Fig. 4. FluPol replication is consistent with CTD-binding to the FluPol.

Fig. 4

A Left: Cartoon representation of FluAPol Zhejiang-H7N9-4M in the intermediate conformation (obtained in this study) as previously described14,45, bound to pS5 CTD. Middle: FluAPol Zhejiang-H7N9-4M in a replicase-like conformation bound to pS5 CTD. Right: FluAPol replicase conformation from A/duck/Fujian/01/2002(H5N1) (PDB: 6QPF)41. FluPols are aligned on the PB1 subunit. FluAPol Zhejiang-H7N9-4M PA-ENDO remains in a transcriptase conformation (PA-ENDO(T)). In FluAPol Fujian-H5N1 structure, it rotates and interacts with the PB2-NLS domain (PA-ENDO(R)). PA is coloured in green, PB1 in light grey, PB2-N in dark red, PB2-CBD in orange, PB2 mid-link in purple, PB2 627 in plum, PB2 NLS in salmon. The pS5 CTD is coloured in red, displayed as surface, with discontinuity between sites 1A/2A shown as a dotted line.
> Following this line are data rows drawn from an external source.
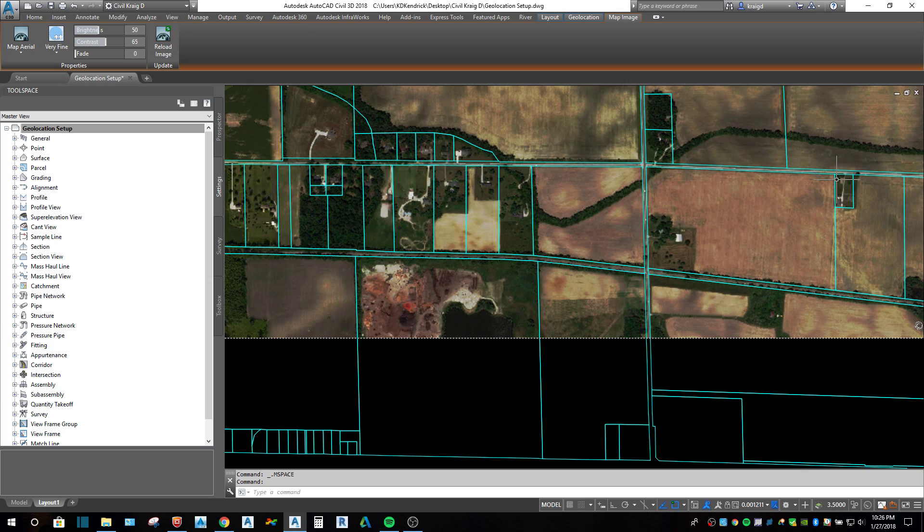So that is how to use the geolocation map inside of Civil 3D 2018.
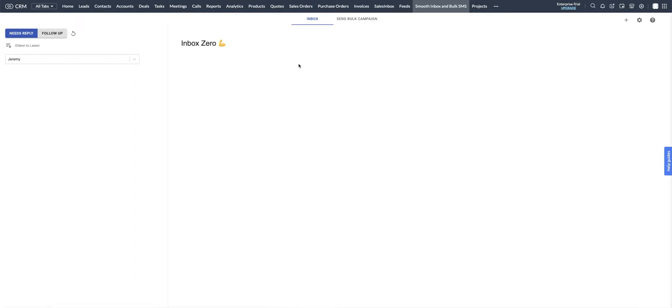If you'd like to receive a push notification when an inbound message comes in, head on over to the Smooth Inbox area.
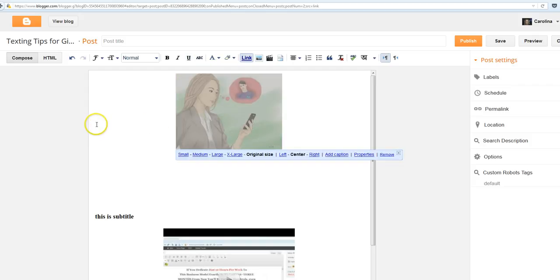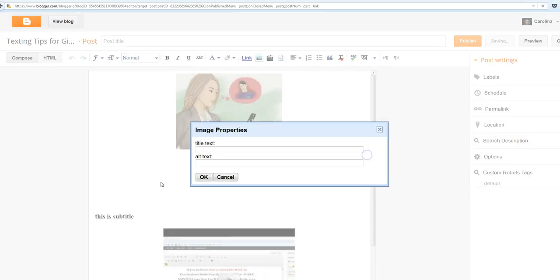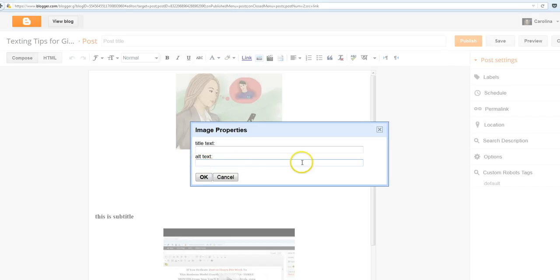But you just click on the image that you have in there and you go to properties, and right here the alt tag is where you put your keyword. So you would put your keyword right there with the alt tag and hit OK.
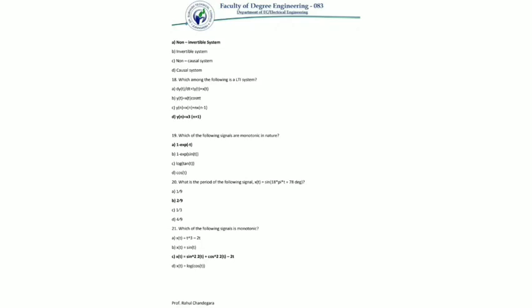Continuing the LTI question: option D, y(n) = x^3(n+1), requires calculation to verify. After checking, option D is the correct answer for the LTI system.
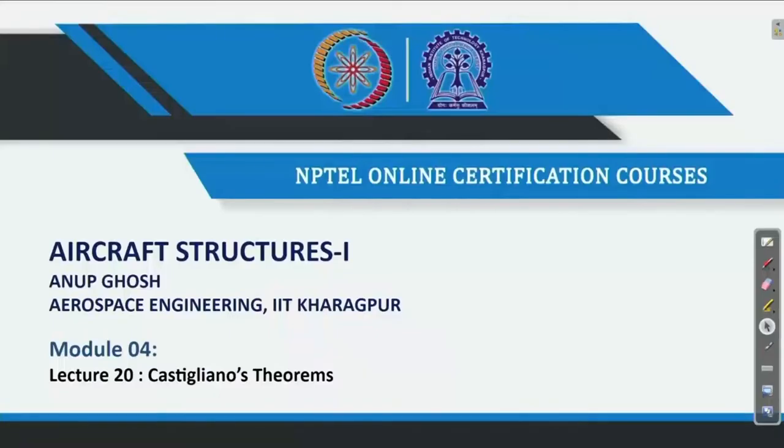Welcome back to Aircraft Structures 1 course. This is Professor Onub Ghosh from Aerospace Engineering, IIT Kharagpur. We are in continuation of the Week 4 lectures; in the total sequence the lecture number is 20.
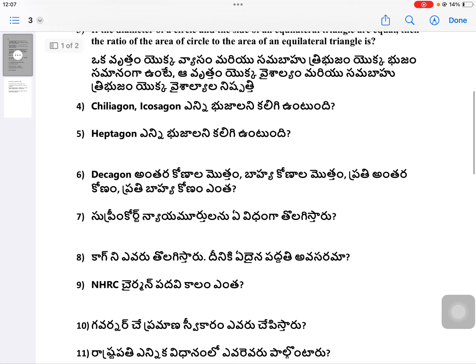Question 3: Decagon — find the interior angle sum, exterior angle sum, each interior angle, and each exterior angle.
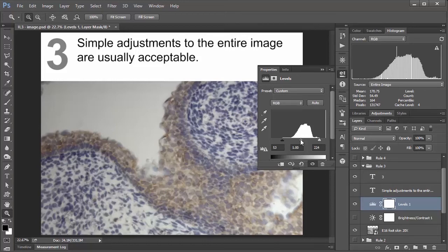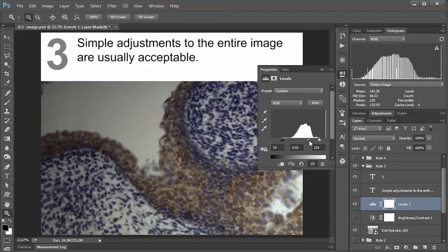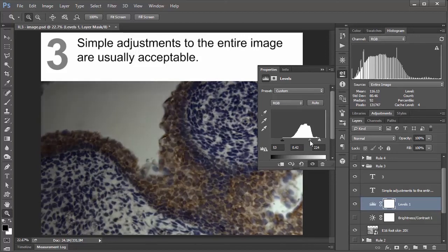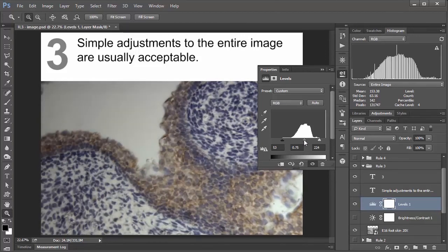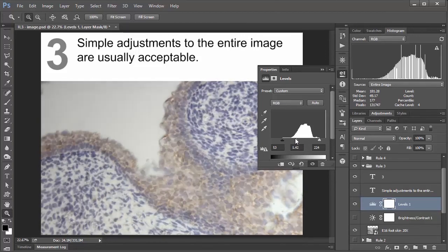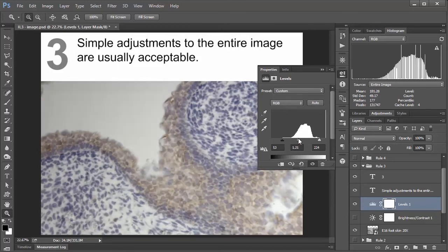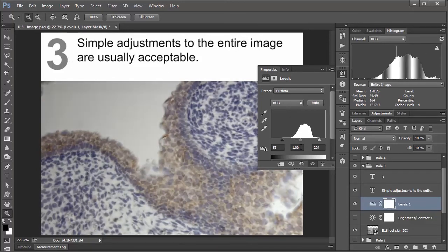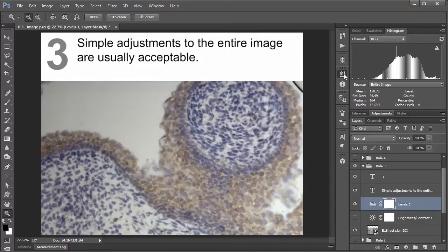One thing to note, this middle slider for your midtones, if you start messing with this, again, this does kind of another nonlinear transformation. So this is another thing you'd want to avoid, at least if you wanted to adhere to this guideline. So I'm just going to set this back to one. So I would say this is a perfectly acceptable way to increase the contrast in your image. So I will close that off, and we will move on to rule number four.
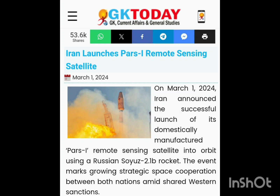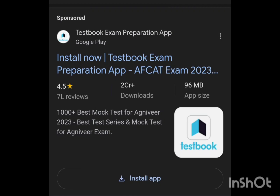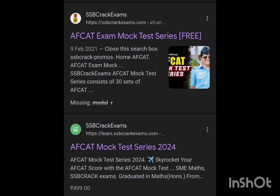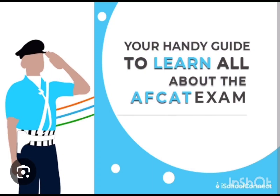Since it's an online-based exam, I would suggest practicing 1 week prior using mock test modules — either from testbook.com or SSB Crack Exam. I personally used SSB Crack Exam.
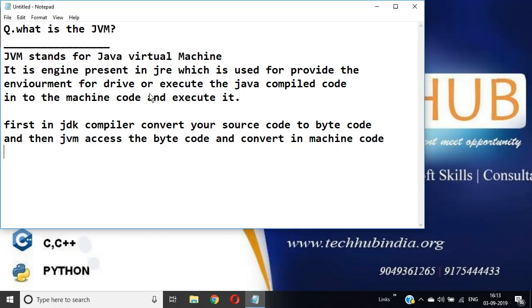Clear? We can say JVM is responsible for providing the environment to execute the Java byte code into the machine code. Right, yes sir, thank you.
PB2-627/NLS domains flexibility is highlighted as a dotted circle. RNAs are displayed as surfaces. The 5′ vRNA end is coloured in pink, the 3′ vRNA end in yellow. Flexible nts are represented as solid line. B Cartoon representation of FluAPol Zhejiang-H7N9-4M structure in the pre-initiation state mode A. Colour code is identical to (A). PB2 C-terminal domains (PB2-C) are flexible, highlighted as a dotted circle. C Close-up view on the 3′ vRNA end in FluAPol Zhejiang-H7N9-4M active site. The Coulomb potential map of the template is shown. 3′-U1 remains unseen in the map. The 3′-G3 is in the +1 active site, highlighted by a dotted line. The priming loop is coloured in red, the palm domain in orange with the catalytic aspartic acids displayed, coordinating a Mg2+ ion, in green. The motif F is coloured in blue. D Schematic representation of the 3′ vRNA end terminal nucleotides active site position, as seen in (C). E Cartoon representation of FluAPol Zhejiang-H7N9-4M in stalled elongation state. The colour code is identical to A. PB2-C domains are flexible. The cRNA de novo replication product is displayed as surface when visible or as a dotted line when flexible. The 3′ vRNA end is bound to the secondary site. F Close-up view on the pS5 CTD interaction with FluAPol Zhejiang-H7N9-4M PA-C domain. FluPol residues interacting with the pS5 CTD are shown. Each CTD pS5 repeat is indicated.